Triangle area in sphere

I have a triangle that intersects with the sphere

How to count triangle area, which is in sphere?

If you have solution for polygon too, it's awesome.

• Could you please provide some code with the above description. It would also be useful if you could give an example output you'd want to achieve :) – e.doroskevic Jan 12 '17 at 16:38
• By basic common sense the intersection of a plane and a sphere is a circle so... couldn't you mathematically solve this by finding the circular intersection and then use mathematica for the rest? – user64742 Jan 13 '17 at 3:32

Let's take

ball = Ball[];
triangle = Triangle[{{0, 0, 0}, {2, 0, 0}, {2, 3, 1}}];
Graphics3D[{ball, triangle}, Axes -> True]

Then

reg = RegionIntersection[ball, triangle];
DiscretizeRegion[reg]

RegionDimension[reg]

2

RegionMeasure[reg]

$\frac{1}{4} \left(\pi -2 \sin ^{-1}\left(\sqrt{\frac{2}{7}}\right)\right)$

N@%

0.503427

Similarly for Polygons.
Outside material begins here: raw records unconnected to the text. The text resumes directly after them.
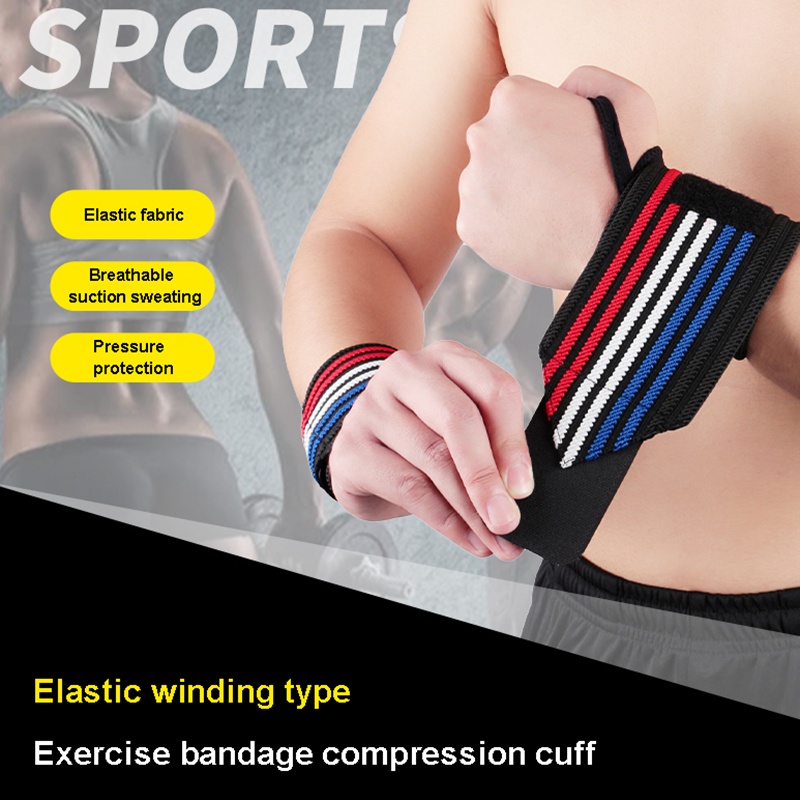 

1pcs Long Sport Wrist Support Nylon Elastic Adjustable Weight Lifting Fitness Wristband Gym Straps Protection Sportswear, Right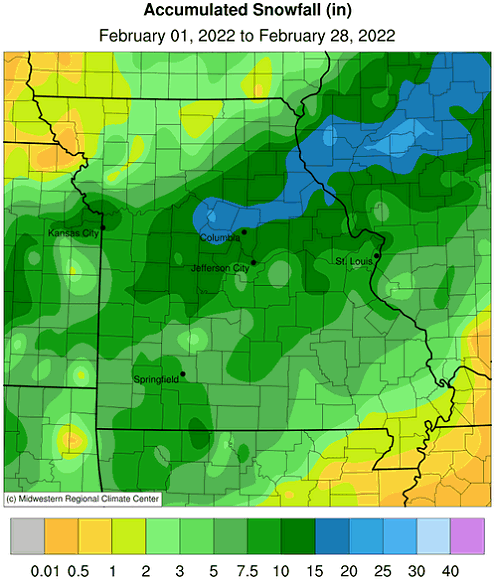 Accumulated Snowfall (in) February 01, 2022 to February 28, 2022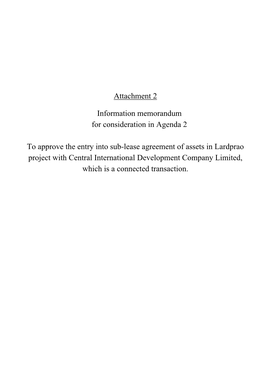 Attachment 2 Information Memorandum for Consideration In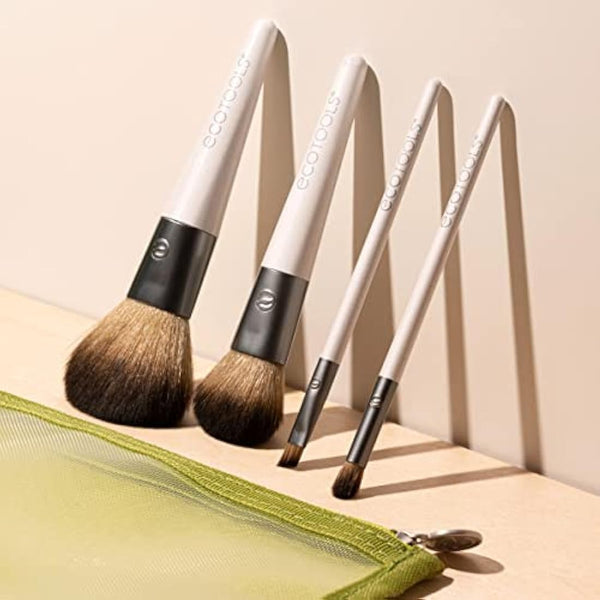 EcoTools On-The-Go Makeup Brush Kit, Travel-Friendly Brush Set, Mini-Size Makeup Tools for Powders, Blush, Bronzer, & Eyeshadows, Eco-Friendly, Synthetic Bristles, Cruelty-Free & Vegan, 5 Piece Set
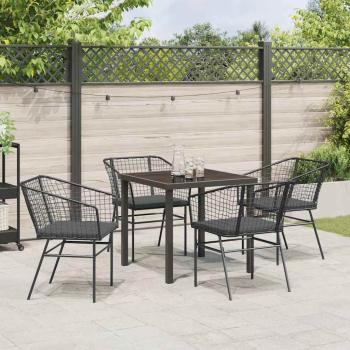 Set aus 3 Schwarz Poly-Rattan, Pulverbeschichteter Stahl Standard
The coordinates of neither the ball, nor the triangle (nor Polygon) need to be integers - all work just as well when they are real numbers (the RegionMeasure is a real number too).

make a 2d projection to the plane of the triangle and use RegionIntersection.

triangle = Triangle[{{0, 0, 0}, {2, 0, 0}, {2, 3, 1}}];
ball = Ball[{1, 0, 0}, 1];
spherecenter = ball[[1]];